Hay, de repente, zonas inusitadas que dan un salto gastronómico y se posicionan en la ciudad como un polo de atracción. Ocurrió, hace ya años, en Aragón uniendo a Askua y Aragón 58 lugares como Gran Azul, Kibo, Malaherba, Quina, Tonyina o Kaido. Y, de manera insospechada, ha ido construyéndose en el entorno de la Plaza del Cedro.

Cerca de donde se consolidó La Salita primigenia, primero fue Miracle, seguido de Mil Grullas. Les siguió Sardo Pasta Bar. Y, desde enero de 2026, ha comparecido una oferta que por original e inesperada está calando incluso en los reticentes a la cocina japonesa. La escasez, en las ventas, siempre garantiza resultados si dispones de un buen producto. Y una barra para ocho personas que solo abre cinco noches a la semana es el mayor exponente de ello.

Todo en la propuesta habla de sencillez. Hasta de desnudez. Desde la sobriedad de la entrada, las sillas y la (corta, por decisión propia) carta de vinos hasta el trato de Rui Silva. El cocinero, que ejerce también de maestro de ceremonias, invita a una experiencia sin prisas, donde la conversación pueda fluir con los acompañantes escogidos o aquellos que te encuentras durante tu reserva.

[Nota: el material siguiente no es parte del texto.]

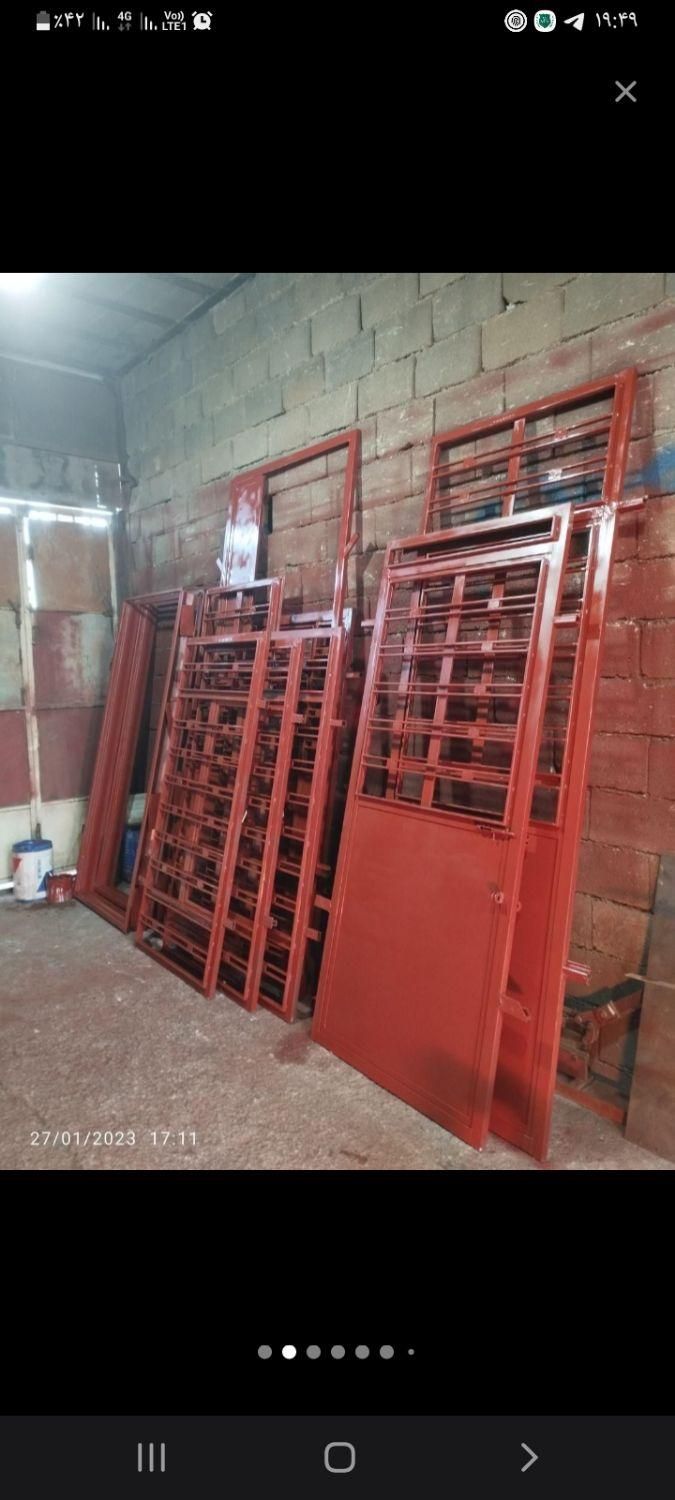 جوشکاری محمدحسینی سیسخت|خدمات پیشه و مهارت|سی‌سخت, |دیوار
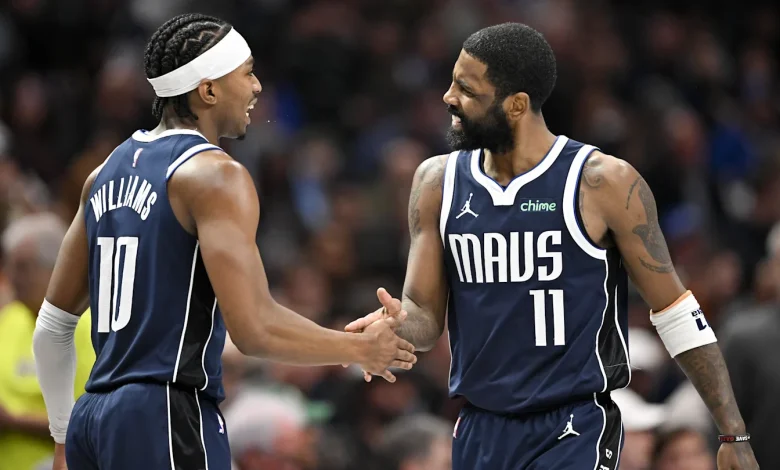 Mavericks' perfect Kyrie Irving trade replacement is already staring them in the face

Una reserva, todo sea dicho, que ya es compleja de gestionar. Pocas plazas, pocos servicios, muy buen producto y elaboración de alto nivel confluyen para que el boca a boca haya viajado con presteza. De hecho, en su web no hay información alguna: solo un calendario a dos meses vista en el que apenas existe una opción libre para nuevos comensales.

Fotografía: Mireia Sánchez

Una vez sentados, domina la calma. En la elaboración, en el intercambio de palabras, en la explicación de los platos y hasta en la sobremesa acompañada (si se quiere) de sake. Y es ahí donde aparecen la gama de sabores y texturas que han catapultado Sato Kaeru a un imaginario que compite con nombres como Haku.

Se buscan productos, sobre todo del Mediterráneo y el Atlántico, de proximidad y calidad. En la mayoría de casos, procedentes de pequeños productores. Aunque cada vez más se trabaja también con importaciones desde Japón, para encontrar sabores característicos que se diferencian en diversos matices de lo que puede encontrarse en la Península Ibérica.

Fotografía: Mireia Sánchez

Es por este motivo, y por la propia etimología de la palabra omakase (dejarse guiar por lo que prepare el cocinero con aquello de que disponga ese día en su despensa) por lo que nunca dos menús son similares. Si bien, los tataki, sashimi nigiri son recurrentes. Y no solo eso, sino delicados y sabrosos en un equilibrio alto entre carnes, pescados y mariscos.

Lo más curioso es que Rui jamás ha estado en el país nipón (si bien ya está preparando su primer viaje junto a su pareja y socia, Ana Ortiz). Y tampoco ambiciona, al menos ahora, ampliar el negocio. Lo que demuestra que, en tiempos líquidos, quizá una de las mejores decisiones es depender de uno mismo. Y, con esa premisa, poder vivir de la manera que se ha escogido.